[Opening DATA SUPPLIED section]
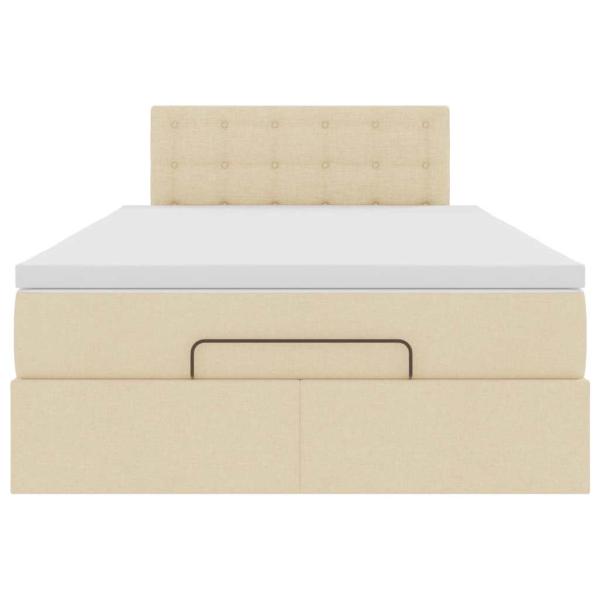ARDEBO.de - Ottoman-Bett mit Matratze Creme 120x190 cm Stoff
[Closing DATA SUPPLIED section]
[Opening DATA SUPPLIED section]
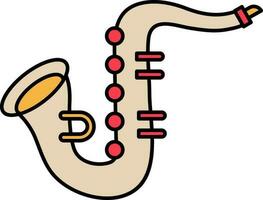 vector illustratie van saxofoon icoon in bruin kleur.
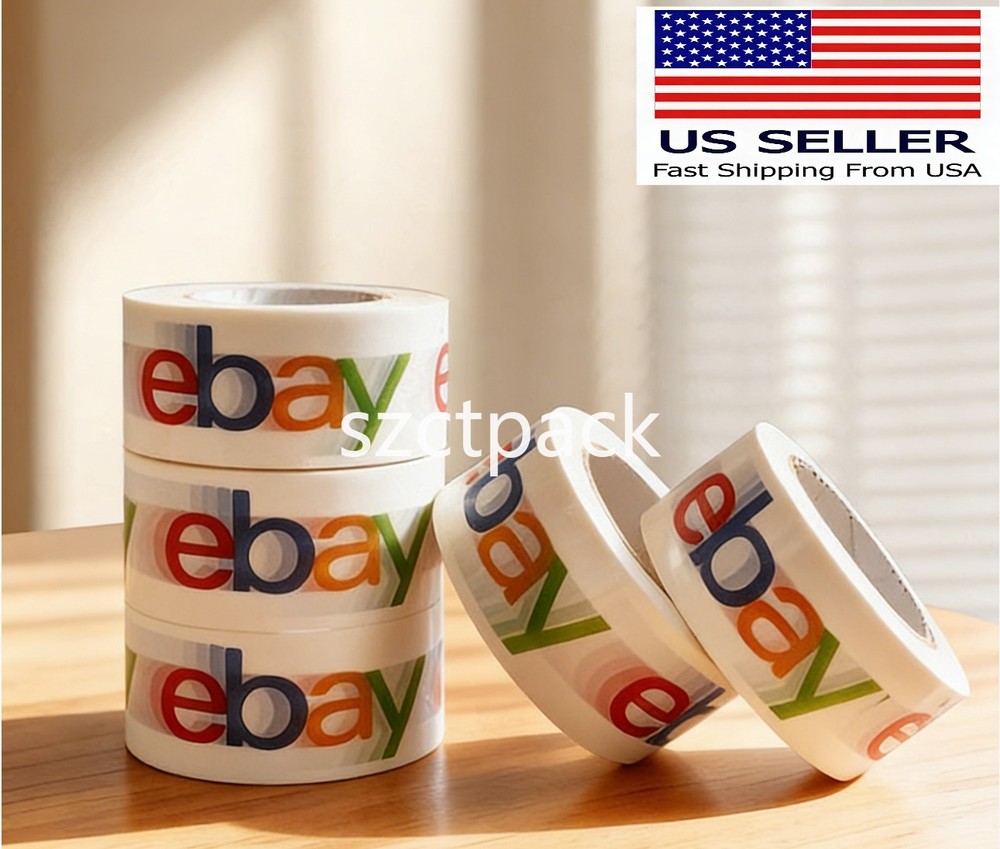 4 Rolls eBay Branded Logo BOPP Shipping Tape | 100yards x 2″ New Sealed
[Closing DATA SUPPLIED section]
[Opening DATA SUPPLIED section]
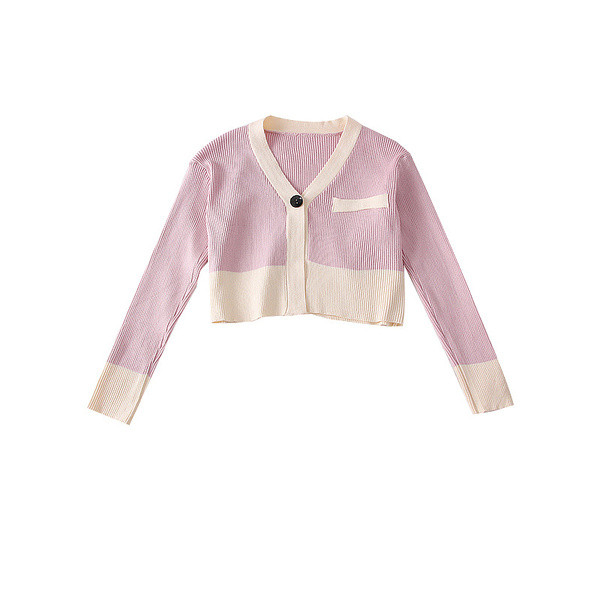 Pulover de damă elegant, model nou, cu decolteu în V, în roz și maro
[Closing DATA SUPPLIED section]
Would you please reproduce the entries above, starting at the line with "vector illustratie van" and stopping after the line with "4 Rolls eBay"? Omit any pictures.

# ANSWER SPACE:
 vector illustratie van saxofoon icoon in bruin kleur.
 4 Rolls eBay Branded Logo BOPP Shipping Tape | 100yards x 2″ New Sealed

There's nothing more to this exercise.